### TASK INSTRUCTIONS:
Print the lines in the listing below that fall between the line with "STARTER S/S SHIRT - BLUE/WHITE" and the line with "Basketbol çantalı, maskot şekilli.", those two lines included, exactly as they stand and with nothing else.
-- Opening Marker --
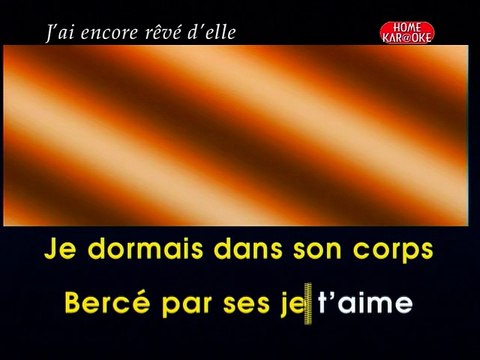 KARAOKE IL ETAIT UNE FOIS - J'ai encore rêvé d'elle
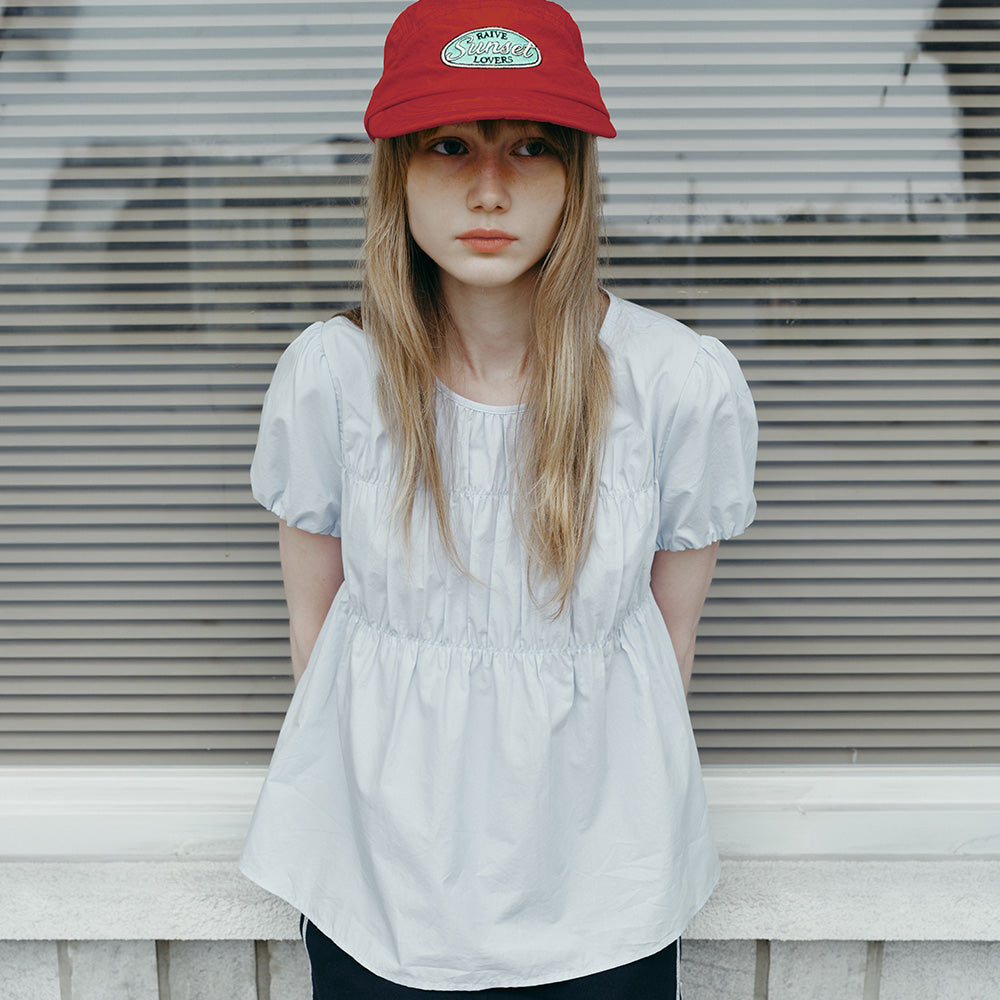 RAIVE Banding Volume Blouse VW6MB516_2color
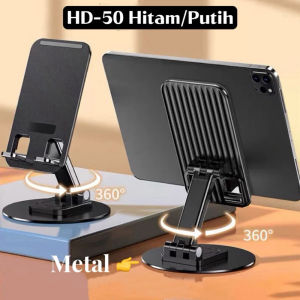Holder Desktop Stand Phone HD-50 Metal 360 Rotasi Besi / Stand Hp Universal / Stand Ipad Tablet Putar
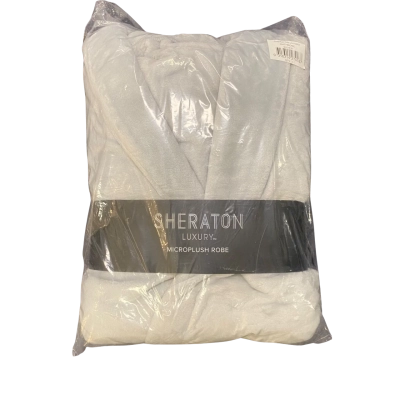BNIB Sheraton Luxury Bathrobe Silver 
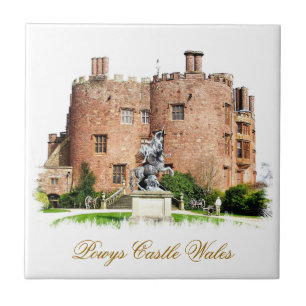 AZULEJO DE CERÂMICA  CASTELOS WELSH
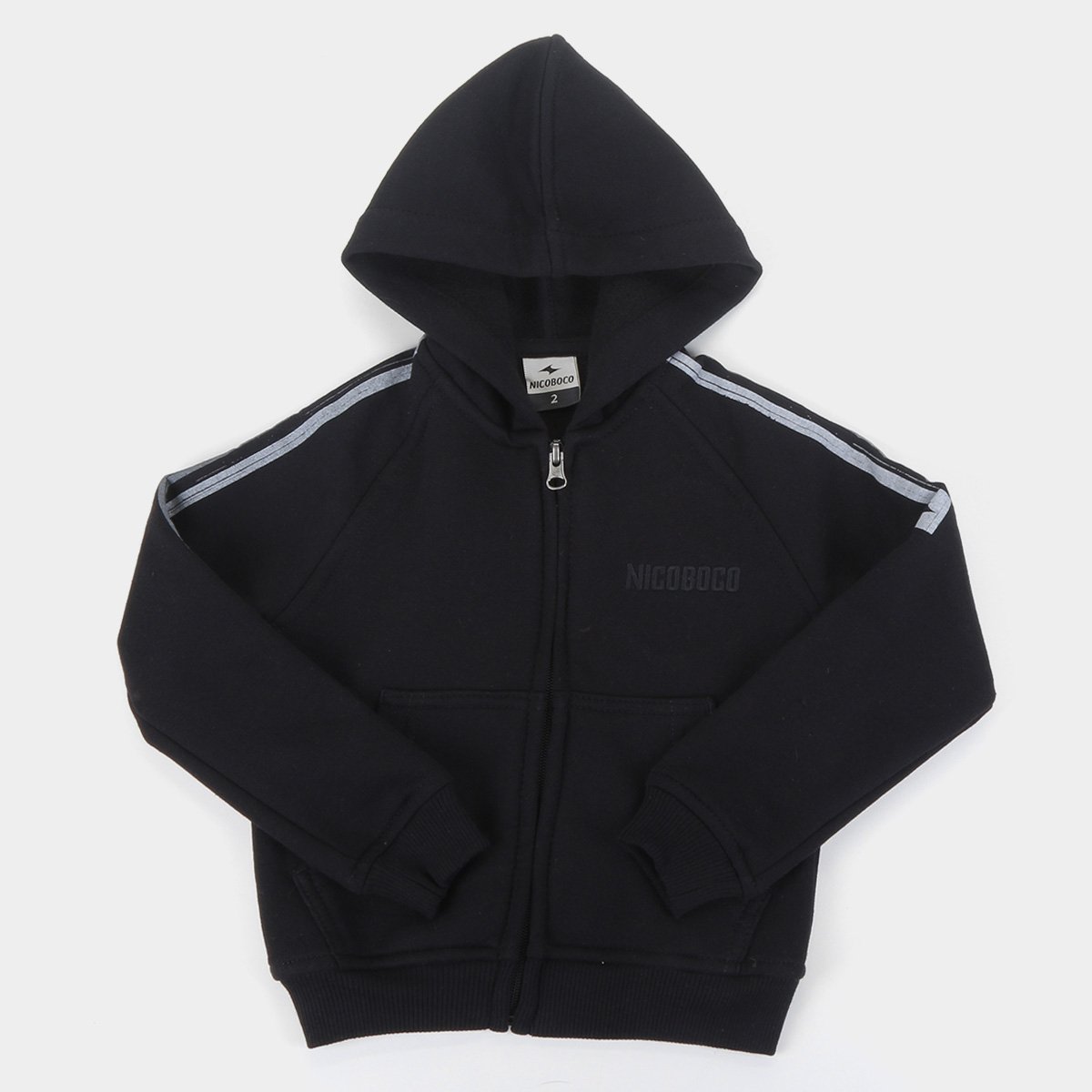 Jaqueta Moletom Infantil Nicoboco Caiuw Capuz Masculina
-- Closing Marker --
-- Opening Marker --
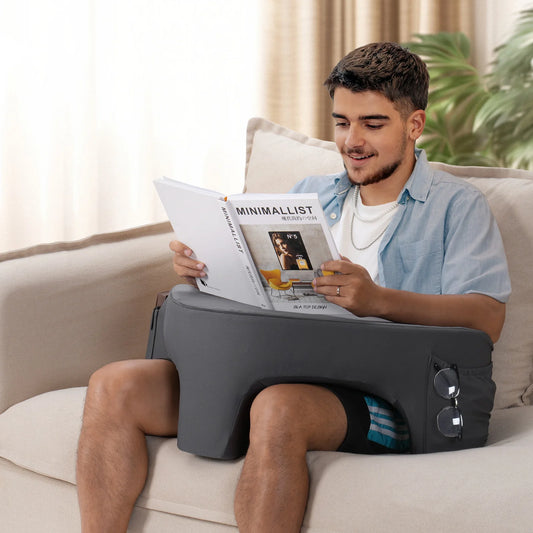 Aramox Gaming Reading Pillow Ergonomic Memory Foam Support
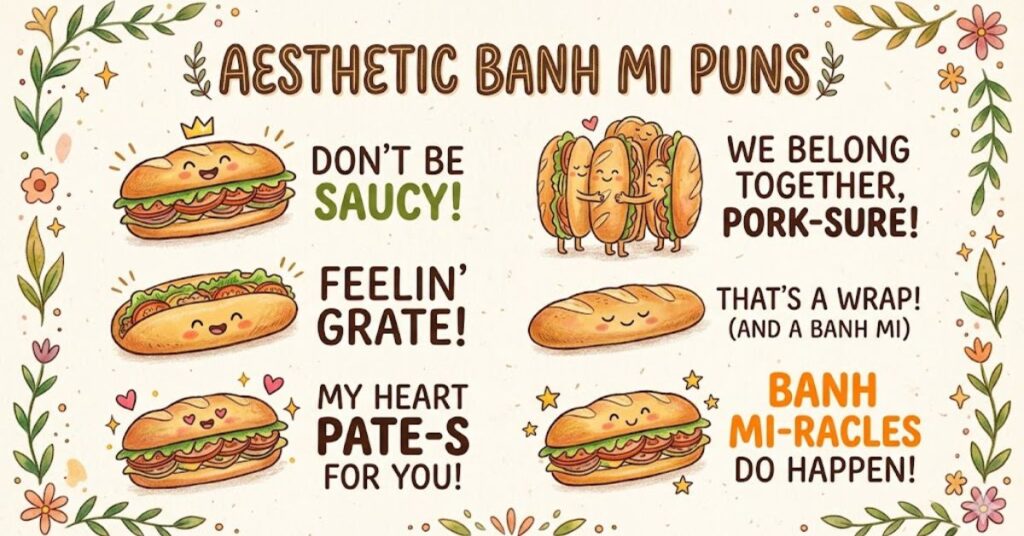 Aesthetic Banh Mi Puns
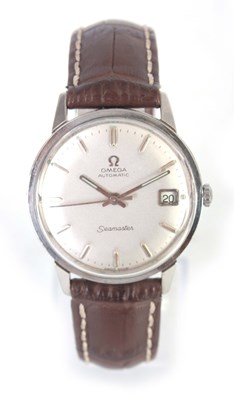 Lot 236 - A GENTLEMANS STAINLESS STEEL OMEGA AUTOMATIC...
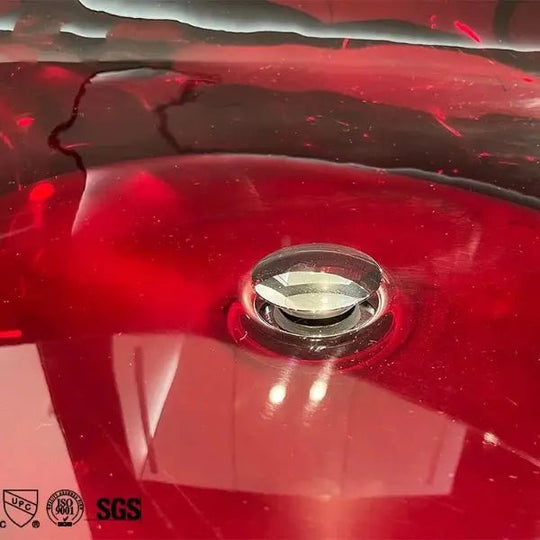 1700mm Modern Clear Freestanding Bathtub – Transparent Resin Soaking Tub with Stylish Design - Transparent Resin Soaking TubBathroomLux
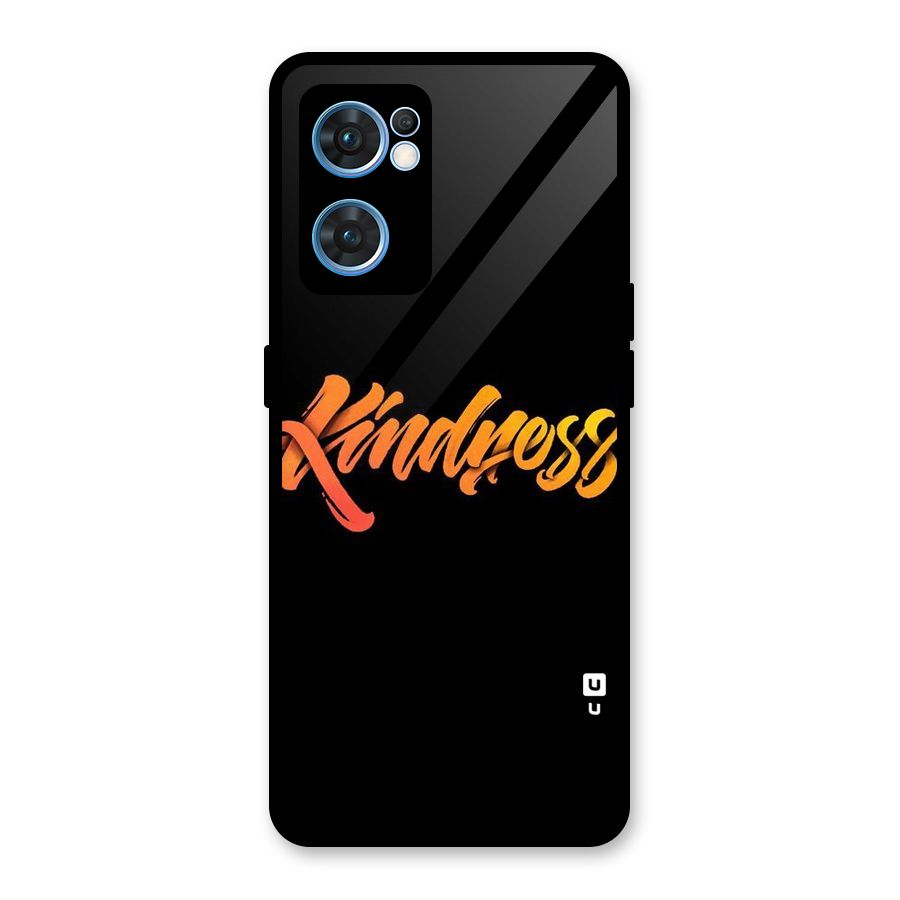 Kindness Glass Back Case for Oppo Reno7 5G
-- Closing Marker --
-- Opening Marker --
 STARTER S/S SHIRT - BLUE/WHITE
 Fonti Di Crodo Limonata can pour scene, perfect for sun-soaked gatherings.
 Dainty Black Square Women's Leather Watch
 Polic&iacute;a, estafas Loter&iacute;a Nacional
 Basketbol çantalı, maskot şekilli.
-- Closing Marker --
### RESULT OF THE TASK:
 STARTER S/S SHIRT - BLUE/WHITE
 Fonti Di Crodo Limonata can pour scene, perfect for sun-soaked gatherings.
 Dainty Black Square Women's Leather Watch
 Polic&iacute;a, estafas Loter&iacute;a Nacional
 Basketbol çantalı, maskot şekilli.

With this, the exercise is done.